The Vanguard (2008)

Regie: Matthew Hope | 90 minuten | actie, horror | Acteurs: Ray Bullock Jr., Jack Bailey, Karen Admiraal, Emma Choy, Terry Cole, Che Conroy, Rob Cooper, Bahi Ghubril, Shiv Grewal, Christopher Hatherall, Martin Hobbs, Farhan Khan, Steve Weston, Simon Whyman, Leigh Stevenson

Er is altijd iets sympathieks aan B-films van beginnende filmers. Daarnaast laten dergelijke producties (bijna) altijd doorschemeren of de regisseur in kwestie talent heeft of het te maken in de filmindustrie of dat het bij aanrommelen in de marge blijft. ‘The Vanguard’ van Matthew Hope valt in de eerste categorie.

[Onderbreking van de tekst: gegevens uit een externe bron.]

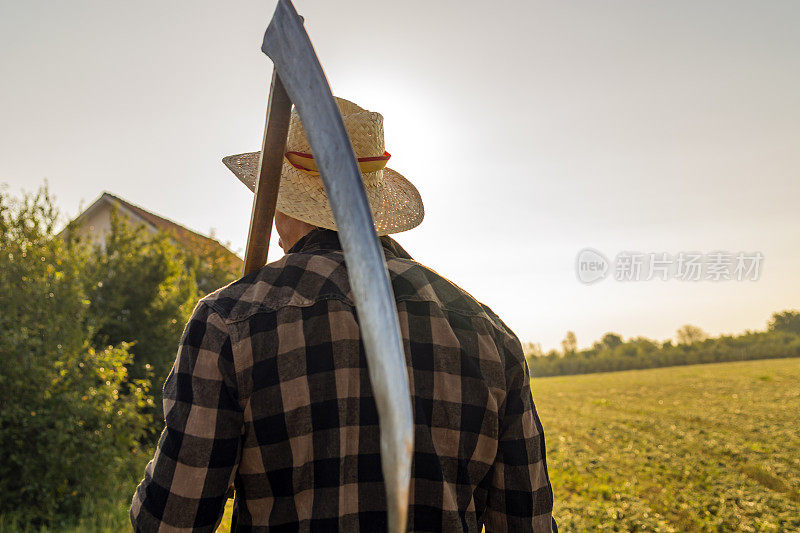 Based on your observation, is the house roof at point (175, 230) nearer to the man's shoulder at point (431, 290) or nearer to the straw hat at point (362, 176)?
the straw hat at point (362, 176)

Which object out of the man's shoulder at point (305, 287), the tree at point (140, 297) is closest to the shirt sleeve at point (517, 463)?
the man's shoulder at point (305, 287)

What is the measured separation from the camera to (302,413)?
1.15 metres

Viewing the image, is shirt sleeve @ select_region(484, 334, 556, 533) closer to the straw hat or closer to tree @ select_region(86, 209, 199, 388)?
the straw hat

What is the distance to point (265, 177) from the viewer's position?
4.22 feet

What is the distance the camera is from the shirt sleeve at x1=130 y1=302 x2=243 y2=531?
1.09 metres

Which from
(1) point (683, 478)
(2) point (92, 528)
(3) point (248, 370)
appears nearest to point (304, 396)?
(3) point (248, 370)

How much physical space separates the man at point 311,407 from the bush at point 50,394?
580 cm

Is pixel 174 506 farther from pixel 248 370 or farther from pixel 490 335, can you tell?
pixel 490 335

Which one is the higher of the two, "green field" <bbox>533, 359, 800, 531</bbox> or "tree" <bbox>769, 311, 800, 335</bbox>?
"tree" <bbox>769, 311, 800, 335</bbox>

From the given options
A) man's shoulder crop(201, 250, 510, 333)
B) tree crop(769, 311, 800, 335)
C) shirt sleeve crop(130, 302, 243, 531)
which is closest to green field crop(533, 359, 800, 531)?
man's shoulder crop(201, 250, 510, 333)

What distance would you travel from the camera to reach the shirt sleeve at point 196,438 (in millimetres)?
1095

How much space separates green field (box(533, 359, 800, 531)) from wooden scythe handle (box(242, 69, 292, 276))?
6.59 meters

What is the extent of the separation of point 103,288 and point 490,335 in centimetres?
997

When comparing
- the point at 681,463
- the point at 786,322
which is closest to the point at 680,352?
the point at 786,322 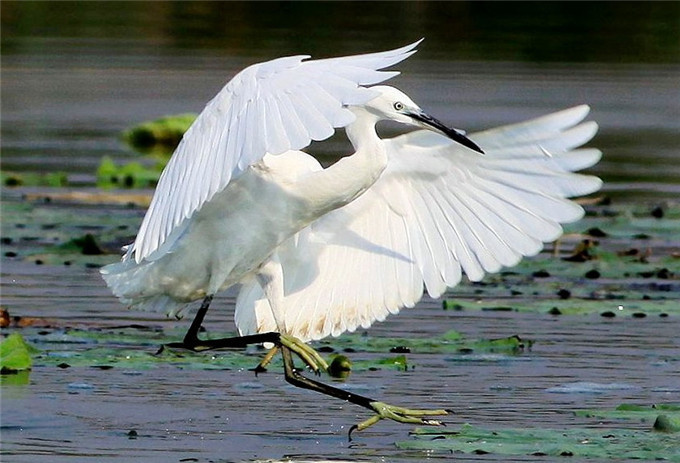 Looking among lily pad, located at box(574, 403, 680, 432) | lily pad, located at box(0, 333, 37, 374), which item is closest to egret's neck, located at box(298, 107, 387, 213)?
lily pad, located at box(574, 403, 680, 432)

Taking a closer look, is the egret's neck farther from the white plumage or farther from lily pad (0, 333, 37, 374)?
lily pad (0, 333, 37, 374)

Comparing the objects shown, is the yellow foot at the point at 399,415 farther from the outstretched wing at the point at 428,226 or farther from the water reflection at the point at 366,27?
the water reflection at the point at 366,27

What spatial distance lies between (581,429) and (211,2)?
34.2 meters

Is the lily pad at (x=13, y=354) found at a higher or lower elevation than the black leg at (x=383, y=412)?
lower

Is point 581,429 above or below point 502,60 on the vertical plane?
above

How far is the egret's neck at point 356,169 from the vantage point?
25.7ft

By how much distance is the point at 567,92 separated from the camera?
2295 cm

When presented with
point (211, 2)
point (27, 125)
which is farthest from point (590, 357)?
point (211, 2)

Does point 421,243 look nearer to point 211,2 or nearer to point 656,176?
point 656,176

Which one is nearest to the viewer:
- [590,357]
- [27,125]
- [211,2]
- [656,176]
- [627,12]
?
[590,357]

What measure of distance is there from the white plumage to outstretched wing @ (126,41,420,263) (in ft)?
0.54

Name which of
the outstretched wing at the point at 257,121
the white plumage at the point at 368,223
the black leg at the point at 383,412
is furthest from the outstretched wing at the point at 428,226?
the outstretched wing at the point at 257,121

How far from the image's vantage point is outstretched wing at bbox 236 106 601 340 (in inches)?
325

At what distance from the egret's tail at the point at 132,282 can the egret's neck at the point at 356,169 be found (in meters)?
0.90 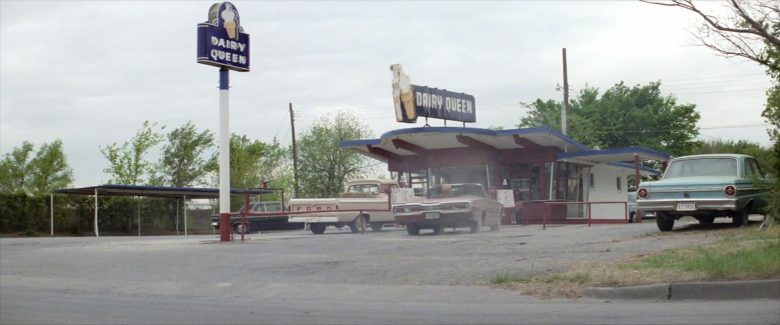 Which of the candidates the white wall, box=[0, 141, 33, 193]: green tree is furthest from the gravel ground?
box=[0, 141, 33, 193]: green tree

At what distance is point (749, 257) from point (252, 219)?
29253 mm

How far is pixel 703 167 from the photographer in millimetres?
19688

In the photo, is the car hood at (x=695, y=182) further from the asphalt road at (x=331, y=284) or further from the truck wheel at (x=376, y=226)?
the truck wheel at (x=376, y=226)

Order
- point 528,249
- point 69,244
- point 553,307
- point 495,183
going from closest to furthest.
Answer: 1. point 553,307
2. point 528,249
3. point 69,244
4. point 495,183

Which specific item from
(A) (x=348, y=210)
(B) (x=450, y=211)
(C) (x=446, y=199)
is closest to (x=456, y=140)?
(A) (x=348, y=210)

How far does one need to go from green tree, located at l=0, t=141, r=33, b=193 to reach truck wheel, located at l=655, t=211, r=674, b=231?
44481 millimetres

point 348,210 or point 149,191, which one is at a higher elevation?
point 149,191

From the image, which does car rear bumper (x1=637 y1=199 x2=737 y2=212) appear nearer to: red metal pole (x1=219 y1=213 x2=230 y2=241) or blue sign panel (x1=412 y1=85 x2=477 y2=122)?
red metal pole (x1=219 y1=213 x2=230 y2=241)

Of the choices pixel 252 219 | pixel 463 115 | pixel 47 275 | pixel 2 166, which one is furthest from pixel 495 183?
pixel 2 166

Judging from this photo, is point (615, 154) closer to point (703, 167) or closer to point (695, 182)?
point (703, 167)

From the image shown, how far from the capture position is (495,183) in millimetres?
34594

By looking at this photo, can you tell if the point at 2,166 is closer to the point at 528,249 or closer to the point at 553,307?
the point at 528,249

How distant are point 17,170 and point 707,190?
156 ft

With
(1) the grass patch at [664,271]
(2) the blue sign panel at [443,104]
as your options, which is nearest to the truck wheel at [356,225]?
(2) the blue sign panel at [443,104] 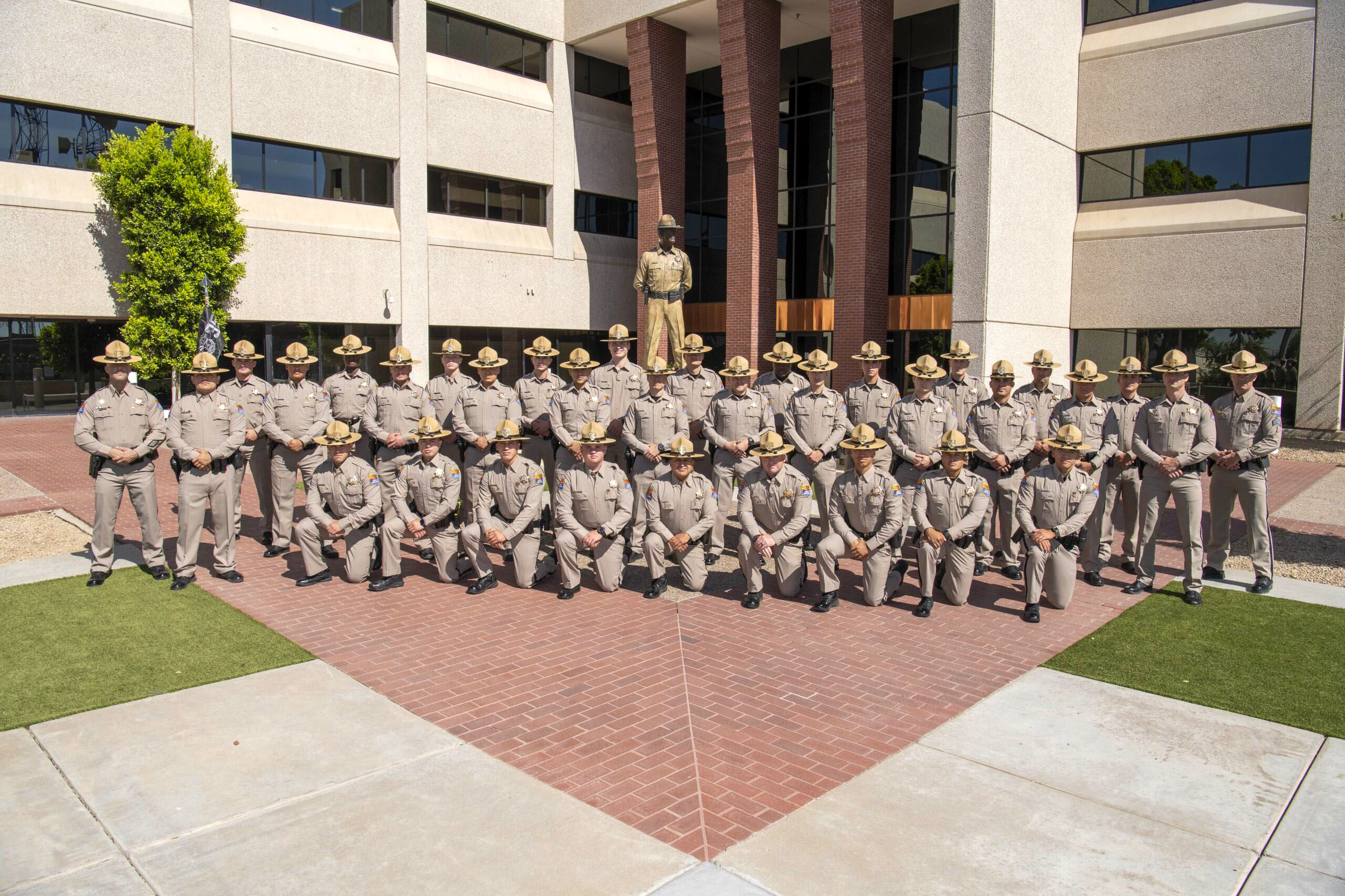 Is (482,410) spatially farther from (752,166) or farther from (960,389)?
(752,166)

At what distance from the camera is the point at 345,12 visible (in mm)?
22062

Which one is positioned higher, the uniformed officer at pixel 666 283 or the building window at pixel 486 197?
the building window at pixel 486 197

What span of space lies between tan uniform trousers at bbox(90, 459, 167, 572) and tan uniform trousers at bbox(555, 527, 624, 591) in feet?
13.5

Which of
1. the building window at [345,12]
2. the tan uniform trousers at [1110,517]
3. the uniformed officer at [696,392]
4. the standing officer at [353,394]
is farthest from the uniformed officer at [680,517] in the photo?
the building window at [345,12]

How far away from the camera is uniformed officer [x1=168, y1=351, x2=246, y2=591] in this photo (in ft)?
30.3

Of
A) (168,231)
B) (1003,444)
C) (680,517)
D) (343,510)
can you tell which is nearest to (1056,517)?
(1003,444)

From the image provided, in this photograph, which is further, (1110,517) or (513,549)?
(1110,517)

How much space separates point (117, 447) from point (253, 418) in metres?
1.69

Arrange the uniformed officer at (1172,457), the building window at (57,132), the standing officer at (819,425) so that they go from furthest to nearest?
the building window at (57,132) → the standing officer at (819,425) → the uniformed officer at (1172,457)

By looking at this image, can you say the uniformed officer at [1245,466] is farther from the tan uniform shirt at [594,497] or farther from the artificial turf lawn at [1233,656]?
the tan uniform shirt at [594,497]

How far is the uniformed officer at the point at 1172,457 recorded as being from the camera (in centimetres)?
909

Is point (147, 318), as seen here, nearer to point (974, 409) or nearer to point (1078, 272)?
point (974, 409)

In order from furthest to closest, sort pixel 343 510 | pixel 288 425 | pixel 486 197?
pixel 486 197 → pixel 288 425 → pixel 343 510

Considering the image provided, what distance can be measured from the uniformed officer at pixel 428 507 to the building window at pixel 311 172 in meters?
14.5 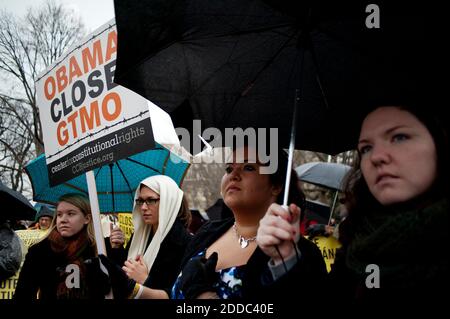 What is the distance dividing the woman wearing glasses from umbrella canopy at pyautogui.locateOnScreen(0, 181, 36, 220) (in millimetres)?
1325

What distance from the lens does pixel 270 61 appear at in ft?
6.40

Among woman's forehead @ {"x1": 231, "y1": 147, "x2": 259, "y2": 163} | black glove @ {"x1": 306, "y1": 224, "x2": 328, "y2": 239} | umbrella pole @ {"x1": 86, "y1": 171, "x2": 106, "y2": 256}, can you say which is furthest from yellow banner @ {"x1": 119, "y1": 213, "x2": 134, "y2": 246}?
woman's forehead @ {"x1": 231, "y1": 147, "x2": 259, "y2": 163}

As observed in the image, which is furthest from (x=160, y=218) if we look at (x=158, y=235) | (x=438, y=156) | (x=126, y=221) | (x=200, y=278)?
(x=438, y=156)

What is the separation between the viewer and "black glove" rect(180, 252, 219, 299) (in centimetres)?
198

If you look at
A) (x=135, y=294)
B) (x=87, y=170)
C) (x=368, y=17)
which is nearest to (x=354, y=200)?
(x=368, y=17)

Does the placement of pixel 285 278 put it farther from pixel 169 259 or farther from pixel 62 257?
pixel 62 257

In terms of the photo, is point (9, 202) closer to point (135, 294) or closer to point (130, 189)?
point (130, 189)

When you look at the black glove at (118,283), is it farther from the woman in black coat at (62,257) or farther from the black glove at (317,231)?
the black glove at (317,231)

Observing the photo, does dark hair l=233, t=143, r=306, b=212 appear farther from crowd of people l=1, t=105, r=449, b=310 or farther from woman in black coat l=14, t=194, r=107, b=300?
woman in black coat l=14, t=194, r=107, b=300

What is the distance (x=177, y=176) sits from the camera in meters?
4.37

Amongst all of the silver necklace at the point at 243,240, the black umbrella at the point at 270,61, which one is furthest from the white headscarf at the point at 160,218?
the black umbrella at the point at 270,61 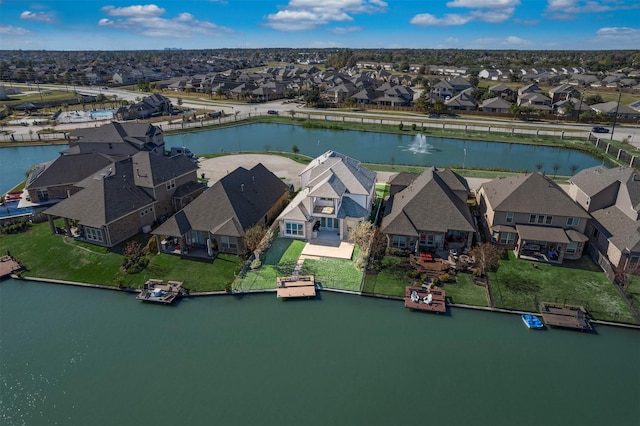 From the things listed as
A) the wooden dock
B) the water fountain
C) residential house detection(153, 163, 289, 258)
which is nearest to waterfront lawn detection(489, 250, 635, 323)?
the wooden dock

‘The Vanguard’ gaat over eenling Max (Ray Bullock Jr.). De bebaarde krijger heeft zich in een bos teruggetrokken, nadat de mensheid bijna ten onder ging aan de Apocalyps. Max is een van de weinige overlevers en slaat met alle geweld een horde gemuteerde zombies van zich af. Ondertussen is het leger ook bezig om die gevaarlijke ondoden om te leggen.

Dat Hope ambitieus is, kun je al vanaf het begin af aan merken. ‘The Vanguard’ trapt namelijk af met een ellenlange introtekst (à la ‘Star Wars’). In die tekst wordt gesproken over een Apocalyps en chaos. Zodra de film echt begint, zie je dat Hope misschien veel wil vertellen, maar geen geld heeft. Het bos is uiteraard een mooie – en goedkope – locatie, maar zodra de zombies in beeld komen valt op hoe beperkt het budget was. Goedkope schmink en waterverf moeten voor wonden en aderen doorgaan, maar ogen nergens overtuigend. Ook de geweldsscènes zien eruit alsof ze gesponsord zijn door een ketchupfabrikant. Gelukkig was er wel geld voor lenzen, zodat de monsters nog enigszins gevaarlijk over komen. Ook wist Hope een legervoertuig te huren, zodat de militairen er redelijk machtig en georganiseerd uit zien.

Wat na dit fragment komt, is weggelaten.